Seriously, however, what happened was that the department gave notice to those who were employed under the Public Works Construction Acts of 1934 and 1935 that inasmuch as probably there would be no money after March 31 their services would be dispensed with at that time. But, alas and alack, some of them had to go at the end of December, 1935. I recall some with two letters, one from their chief giving them notice that their services would not be required after the end of March. They were making their arrangements accordingly, but along about Christmas, as a reminder of the season and of the bounties of providence intended for others, they were told that they would have to leave at the end of the year. When I pressed the minister for the reason he was good enough to explain frankly that their employment by the crown was during pleasure, as I well realized. He said, of course I would know that, and he was quite right; I did. Later on, not in connection with this item but when the main estimates are under consideration, I am going to deal with the matter far more seriously, because I realize that the .minister has to yield to the pressure of those who are insistent that their friends should find employment. I have seen enough of public life to know that this is one of the evils or virtues of public life, that those who are able to secure sufficient assistance from their friends very often find themselves in positions which otherwise would not be given them.
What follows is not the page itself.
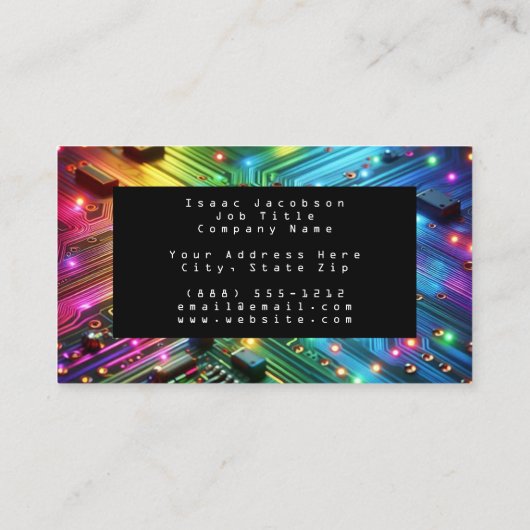 High Tech Rainbow Circuit Board Business Cards 名刺 (裏面)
But when a member of parliament signs his name to a document saying that of his own personal knowledge he knows that a man has been guilty of partisanship, when he did not know the man at all, and the minister to whom that letter was sent dismissed the man, I think we shall have to have a much more serious discussion of the subject than this pleasant little interlude between the minister and myself. I have seen enough to know that the hardships of life are not much considered when it comes down to a question of yielding to the demands that are made by members of parliament upon their ministers.
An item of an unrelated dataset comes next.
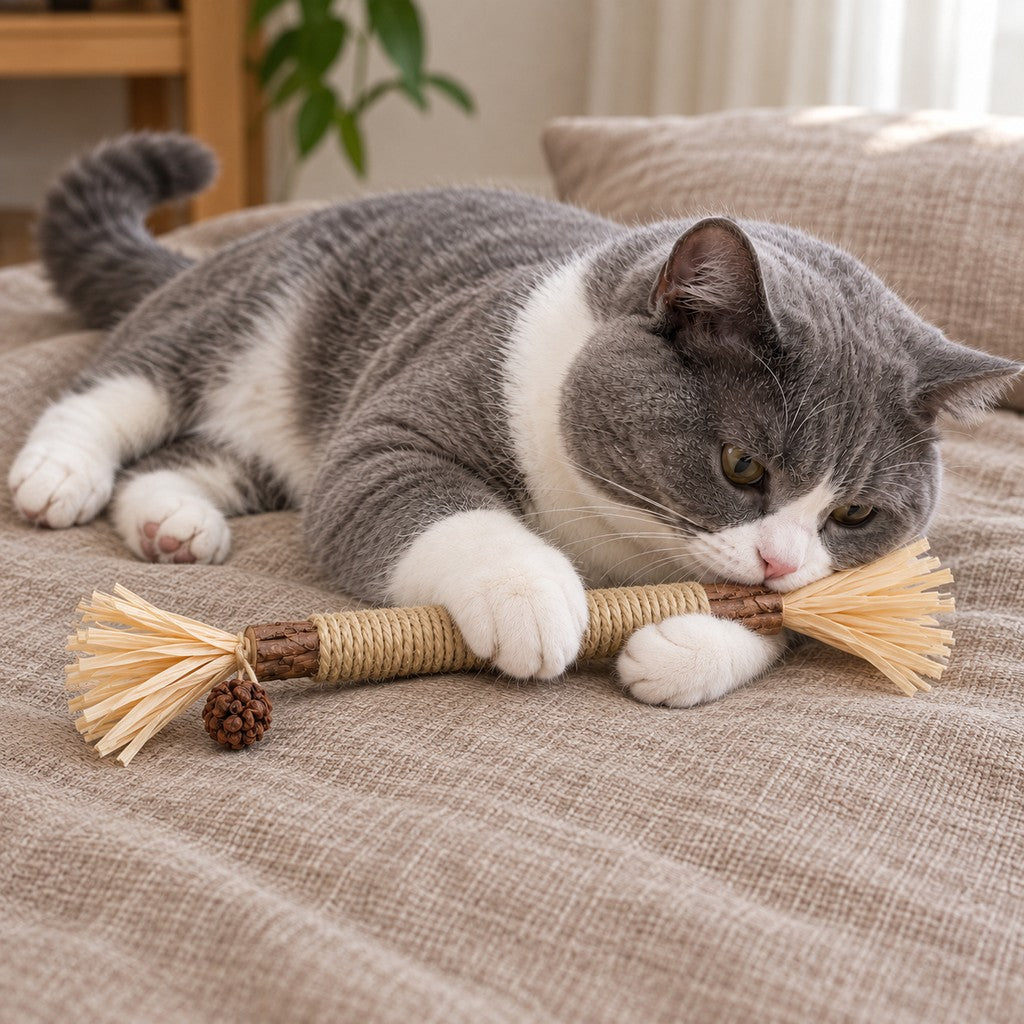 Cat hugging the stick with both front paws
I have a few instances which at the appropriate time I propose to give the house. Sometimes the son has suffered for the political sins of the father; sometimes the father has suffered for the sins of the son. The case I have in mind affects a far more
serious principle, one which was discussed in this house some years ago by the hon. member for St. Lawrence-St. George (Mr. Cahan) and which involved one minister giving effect to a recommendation made by another minister. The Minister of Trade and Commerce of that time felt that he was in duty bound to give effect to the recommendation of his then colleague in the government. This is not the case of a colleague; this is the case of a member of parliament writing a letter-the return has been brought down-in which he pledges his word, which, of course, means a matter of honour, that this man was a partisan. As a matter of fact he is not even acquainted with the man. The person in question has pledged his oath that he has never taken any part in politics. He was appointed in 1915, and he is a man of family. Now he is thrown out on the street, without having an opportunity to be heard or to say a word in his own defence, because a member of parliament has pledged his honour-for that is what is involved-that this man was a partisan. Later on we shall have to discuss that matter, with the names and all details, but I think it would be unfair to discuss it on this item.
I desire, however, to point out that it would foe much better if the minister would say frankly: This sum for salaries is the pork barrel provided for our friends who will take the places of your friends, and we trust there will be an extended program and a greater demand for services and more people employed than at present, and we hope that this summer this $200,000 odd will be sufficient to recompense them for their toil and the services they render to the state in their new status.